= Carol Thomas (gynaecologist) =

South African gynecologist (died 2019)

Carol Thomas (died 12 April 2019) was a South African gynaecologist who founded iMobiMaMa and theWomanSpace. She became the first woman to chair the South African Menopause Society in 2016.

Thomas was honoured by the Planned Parenthood Association of South Africa for "Selfless Dedication and Commitment to Reproductive and Sexual Health and Rights".

The daughter of Gilbert Thomas and Madge Petersen, Thomas studied at the University of Cape Town. Initially barred from studying medicine due to Apartheid laws, she registered for a BSc before transferring. She qualified with a MBChB in 1983. Her Master of Medicine dissertation won the SJ Behrman Prize for excellence in 1994.

Thomas worked at Groote Schuur Hospital for 24 years until 2010. She co-edited The South African Women’s Health Book and served as women's health activist since the 1980s. She also advised the Government of South Africa on Policy Guidelines and Development for Reproductive Health.

Thomas led the IPPF (International Planned Parenthood Federation) team to assess reproductive health services in Tanzania, and represented the South African branch at the IPPF World Assembly in the Philippines in 1995.
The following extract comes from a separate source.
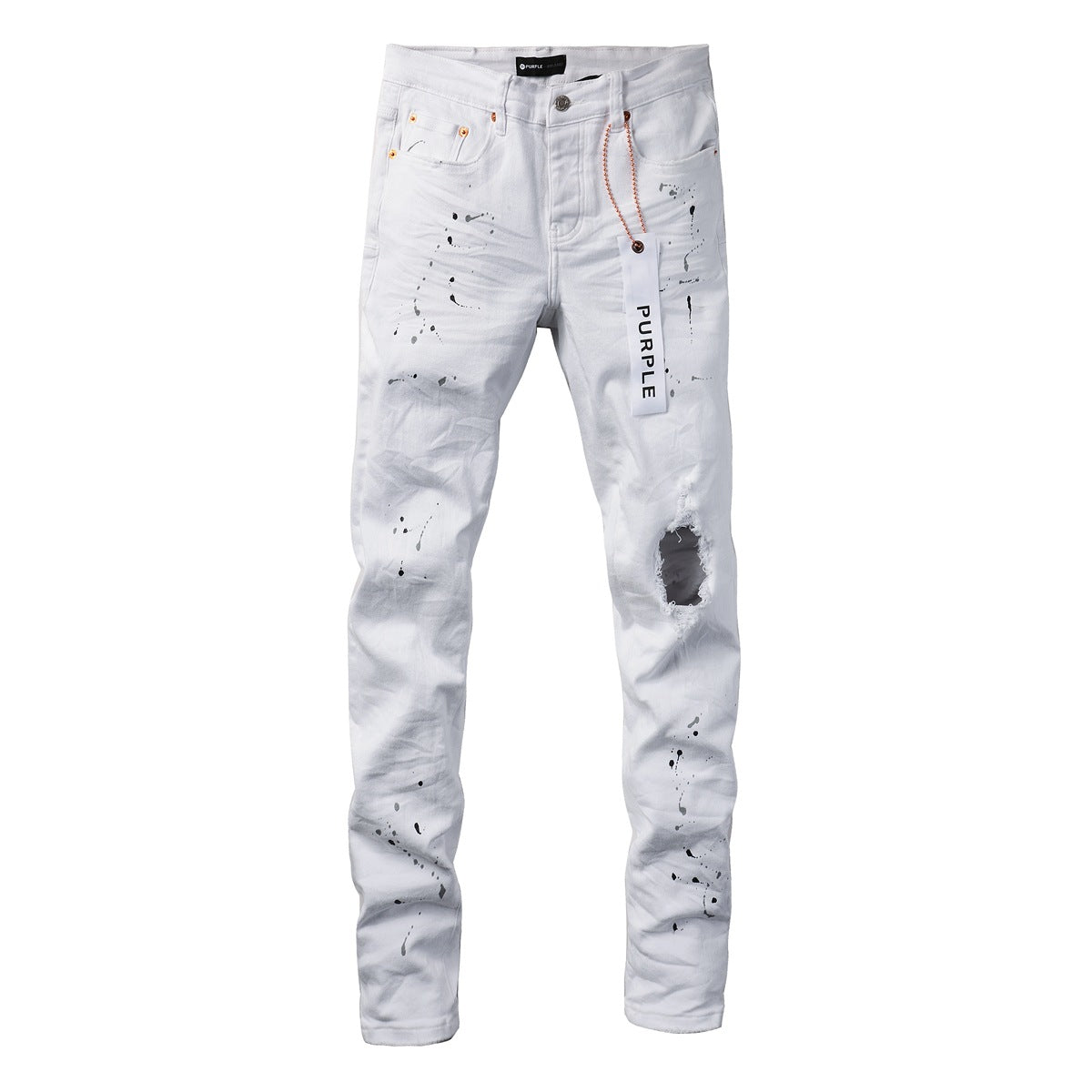 White Ink Spot Vintage Personality Fashion Ripped Jeans 9021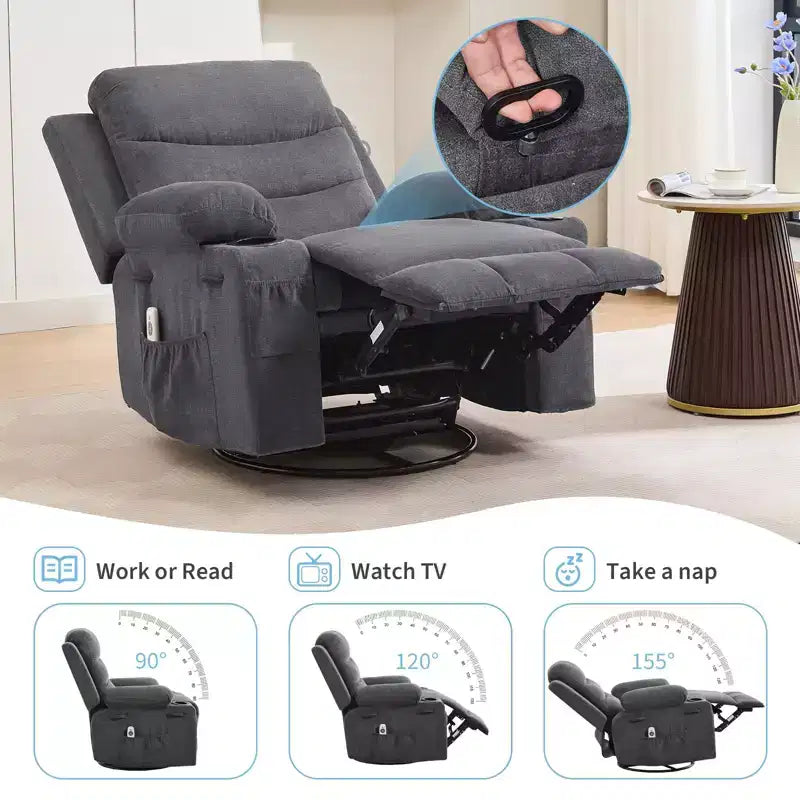 Leather Recliner Chair for Bedroom , Oversized Manual Reclining Rocking Chair, 360 Swivel Glider with Cup Holder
She founded iMobiMaMa, a mobile service providing health advice to pregnant women. She practiced from theWomanSpace in Claremont, Cape Town, with surgical attachment to Kingsbury Hospital.

Thomas died of complications following a double lung transplant on 12 April 2019. In 2020 the first Carol Thomas Memorial Lecture was given at the SA Society of Obstetricians and Gynaecologists' 39th national congress where Thomas was also honoured with a posthumous lifetime achievement award.